Re: Trying to understand how httrack mirrors a site

Subject: Re: Trying to understand how httrack mirrors a site

Author: WHRoeder

Date: 03/26/2013 03:21

1) Always post the ACTUAL command line used (or log file line two) so we know
what the site is, what ALL your settings are, etc.
2) Always post the URLs you're not getting and from what URL it is
referenced.
3) Always post anything USEFUL from the log file.
4) If you want everything use the near flag (get non-html files related) not
filters.
5) I always run with A) No External Pages so I know where the mirror ends.
With B) browser ID=msie 6 pulldown as some sites don't like a HTT one. With C)
Attempt to detect all links (for JS/CSS.) With D) Timeout=60, retry=9 to avoid
temporary network interruptions from deleting files.

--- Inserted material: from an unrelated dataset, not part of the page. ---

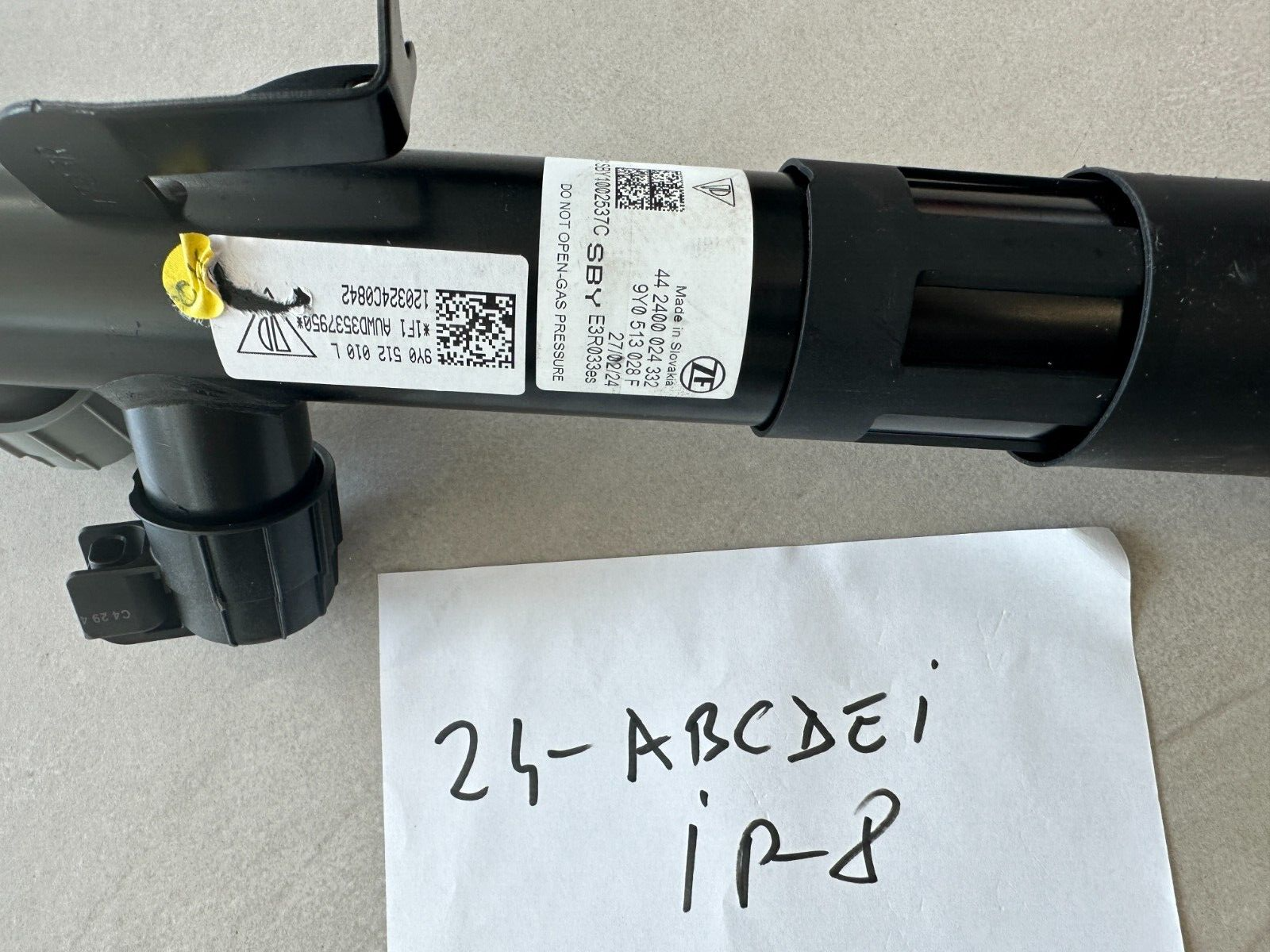 PORSCHE CAYENNE 9YA-2 STOSSDÄMPFER ELEKTRISCH HINTEN RECHTS 9Y0513028F ORIG NEU - Obrázek 25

> My question is after httrack goes into the first
> folder, Vol 1, does httrack download ALL the files
> in this folder or just on the first page and then

HTT does a breath first search.
<http://en.wikipedia.org/wiki/Breadth-first_search> Assuming links to page1
page2 ... are visible in the starting url it gets those two pages, then it
would get all files referenced including pages 3 and 4.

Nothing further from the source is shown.